PROBLEM IS IN THE PIPES:
Contrary to recent recommendations made to the CNMI government and the Commonwealth Utilities Corp., the Bureau of Environmental and Coastal Quality believes that Saipan has enough water at its current source and a reverse osmosis water treatment plant is not the solution to the lack of 24-hour water service on the island.
In an interview, BECQ administrator Frank Rabauliman told Saipan Tribune that he doesn’t believe that building an RO system is the right solution to Saipan’s water problem.
“I don’t believe that the reverse osmosis is the right fix, right solution. Simply because, the issue about not enough water in the pipes, that’s very true, but there’s not enough water in the pipes because there are massive leaks all over the place,” Rabauliman said.
BECQ, with its divisions Coastal Resources Management and Environmental Quality, oversees CUC, along with the U.S. Environmental Protection Agency and the Commonwealth Public Utilities Commission.
Rabauliman stressed that Saipan has the source, and the current source, which is the aquifer underground, is enough.
“There is no data to tell us otherwise,” Rabauliman said.
“The source is not the problem, we have enough water supply. It’s really pumping in the water from the source, into the pipe, and losing 70 percent of that before it even gets into the…it wouldn’t matter if you put in five RO systems putting it on the same pipe if you will still lose 70 percent of it. It doesn’t make sense,” he added.

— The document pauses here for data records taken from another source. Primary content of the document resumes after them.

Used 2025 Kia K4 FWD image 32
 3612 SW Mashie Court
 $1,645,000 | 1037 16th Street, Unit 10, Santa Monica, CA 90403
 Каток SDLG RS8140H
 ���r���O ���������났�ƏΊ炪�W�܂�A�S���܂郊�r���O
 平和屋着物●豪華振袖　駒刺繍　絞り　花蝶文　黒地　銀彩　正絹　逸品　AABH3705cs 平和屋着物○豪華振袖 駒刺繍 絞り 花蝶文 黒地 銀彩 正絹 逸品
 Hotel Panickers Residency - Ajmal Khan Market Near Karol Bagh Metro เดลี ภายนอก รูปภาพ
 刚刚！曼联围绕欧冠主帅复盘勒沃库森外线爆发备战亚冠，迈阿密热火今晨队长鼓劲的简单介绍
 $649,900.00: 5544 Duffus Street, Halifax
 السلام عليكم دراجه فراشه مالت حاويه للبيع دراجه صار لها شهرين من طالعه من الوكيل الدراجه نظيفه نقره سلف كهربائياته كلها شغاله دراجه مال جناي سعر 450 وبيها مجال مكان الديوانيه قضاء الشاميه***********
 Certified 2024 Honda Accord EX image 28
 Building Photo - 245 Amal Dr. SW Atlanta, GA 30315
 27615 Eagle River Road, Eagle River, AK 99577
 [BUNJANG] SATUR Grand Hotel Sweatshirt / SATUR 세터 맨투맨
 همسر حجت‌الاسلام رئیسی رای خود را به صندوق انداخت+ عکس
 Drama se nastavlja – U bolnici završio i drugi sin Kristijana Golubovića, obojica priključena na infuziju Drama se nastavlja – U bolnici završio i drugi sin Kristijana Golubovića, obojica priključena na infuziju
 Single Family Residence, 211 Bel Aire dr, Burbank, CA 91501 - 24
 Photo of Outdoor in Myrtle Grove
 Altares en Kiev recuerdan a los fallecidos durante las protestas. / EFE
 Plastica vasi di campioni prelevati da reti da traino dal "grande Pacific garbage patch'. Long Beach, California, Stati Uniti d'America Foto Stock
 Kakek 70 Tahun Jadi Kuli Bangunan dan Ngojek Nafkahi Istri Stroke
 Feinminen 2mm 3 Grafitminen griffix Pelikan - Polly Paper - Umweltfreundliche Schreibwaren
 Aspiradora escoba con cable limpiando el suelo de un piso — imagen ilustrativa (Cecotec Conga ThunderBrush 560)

An RO system uses pressure and a semi-permeable membrane to filter or desalinate, demineralize or deionize water from a source, usually seawater, converting it to drinking water.
Fix the leaks
For Rabauliman, fixing the existing pipes first would be a more worthwhile endeavor.
“Even if you were to pump in more water through RO, you will just lose all that volume of water in those leaks so the right approach I believe is to address the leaks. And I believe the water task force during its time did a very robust approach on trying to identify these leaks. So, leaks and changing out of those meters, put in the meters that work,” Rabauliman said.
“If they fix that, I am a firm believer that we will address that issue of shortage of water,” he added.
Asked what if new pipes will be built along with the RO, Rabauliman said it is still better to focus on the pipes first.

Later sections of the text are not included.